Quando chegámos vimos um carro ao longe, suspeitámos que fossem eles, e tínhamos razão. Assim que me viram, um deles saiu do carro sozinho e veio ao meu encontro.
Trazia uma arma na cintura, confesso que comecei a temer pela minha vida. Disse-lhe que só entregaria o dinheiro quando tivesse a minha Beatriz comigo, e abri a mala para lhes mostrar o dinheiro.
A miúda saiu do carro, com os olhos inchados e vermelhos de tanto chorar, amordaçada e com os punhos presos com uma corda. Veio a correr na minha direção, eu larguei a mala e agarrei-a com todas as minhas forças e, no preciso momento em que o Yuri pega na mala, ouvimos as sirenes, era a polícia.

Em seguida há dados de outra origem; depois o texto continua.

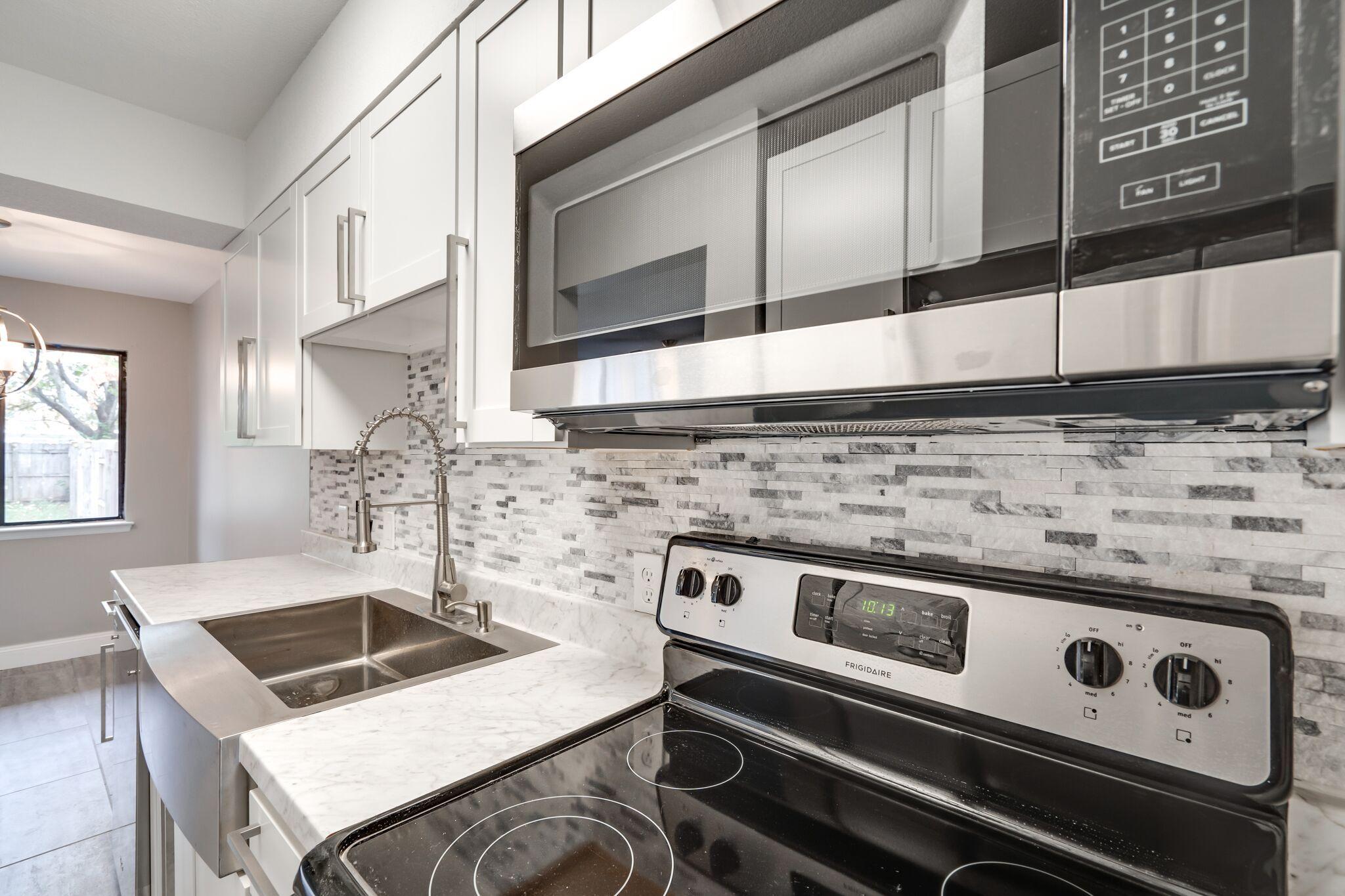 PINE RIDGE TRACE RE/SUB - Residential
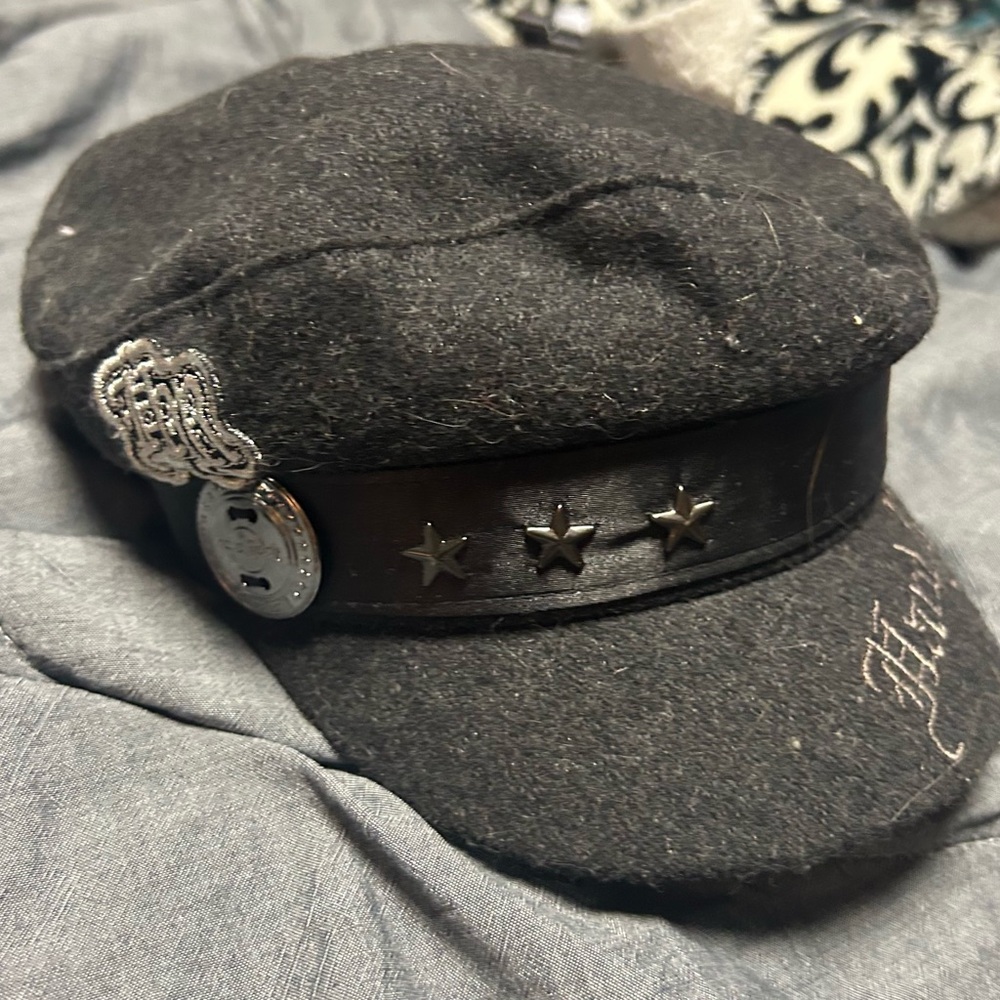Black Star-Embellished Wool Newsboy Cap
HARD ROCK CAFE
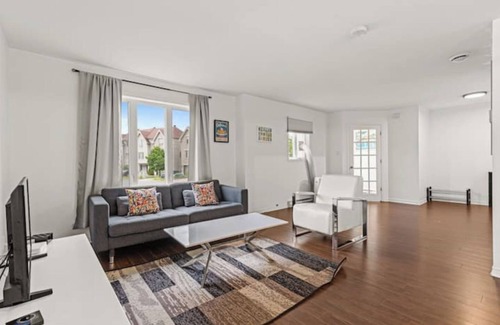 Brossard Apartment | Lovely 2-bedroom Apt. in DIX30 close to DT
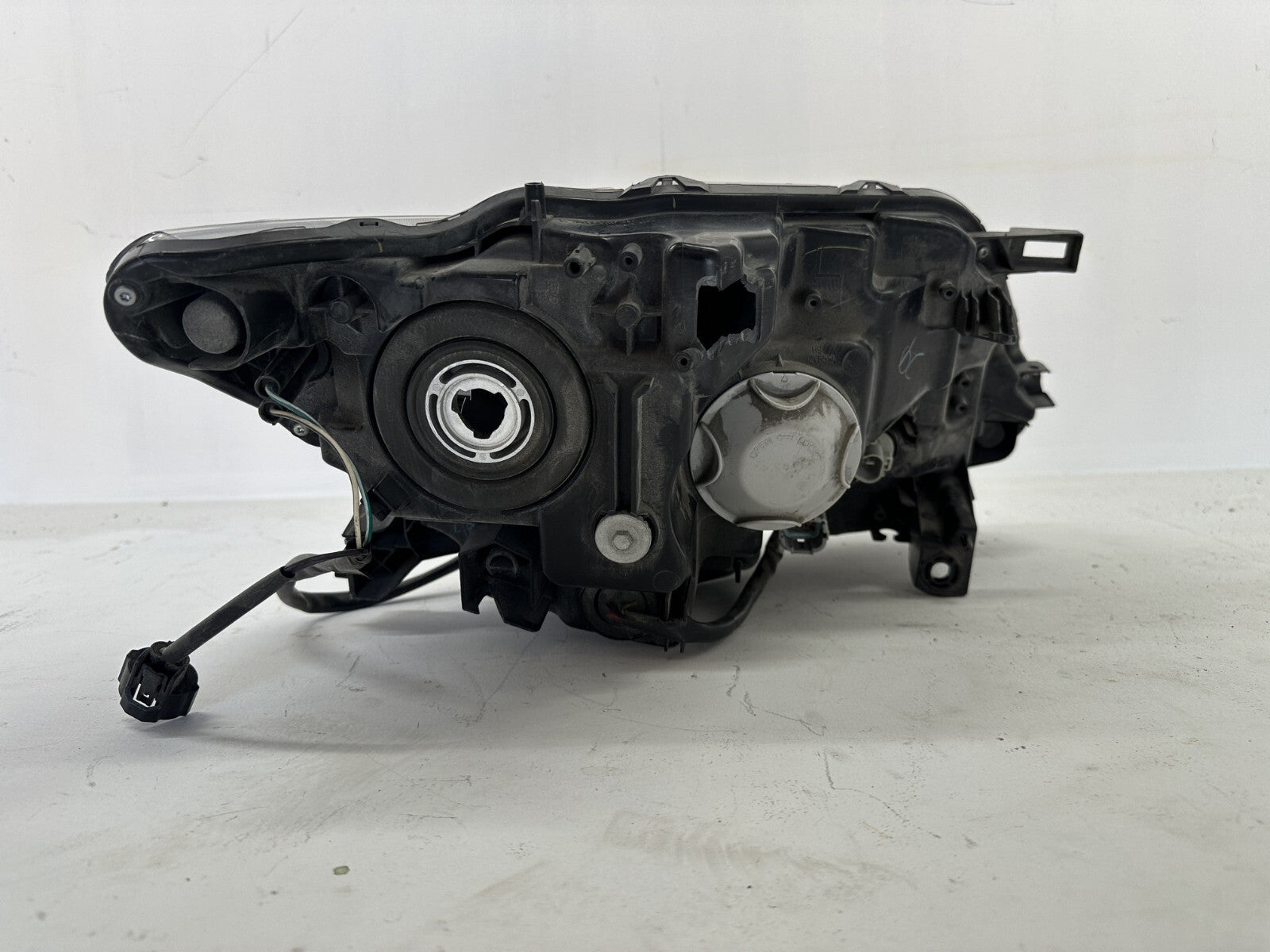 Headlight Damaged Driver LH 2014-2016 Nissan Rogue 26060-5HA0A, 260604BA0A OEM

Ficaram vermelhos de raiva. O Yuri foge para o carro, alguém lá dentro liga o motor e nós fugimos para o nosso. Ouvimos um estrondo, e eu caio, as dores eram tantas que nem conseguia gritar. Levei um tiro na perna do tipo a quem devia dinheiro, era a vingança por ter envolvido a polícia, não sabia da Bia nem do meu irmão, tive medo que também tivessem sido atingidos, e depois apaguei, fiquei inconsciente.
Acordei umas horas depois numa cama de hospital com a minha família a meu lado, contaram-me o que se tinha passado. Levei o tiro e nesse momento o meu irmão pegou na Bia para a proteger, a polícia apareceu e conseguiu recuperar a mala com o dinheiro, e abateram o Yuri e mais um capanga, quem disparou sobre mim conseguiu fugir, mas como a polícia fez bloqueios nas ruas circundantes, conseguiriam apanhá-los a todos.
Tenho a minha família a salvo, devolvi o dinheiro a quem mo emprestou, explicando o sucedido, prestei declarações às autoridades, agora só tenho de recuperar para em breve abrir o meu restaurante e dar asas ao meu sonho.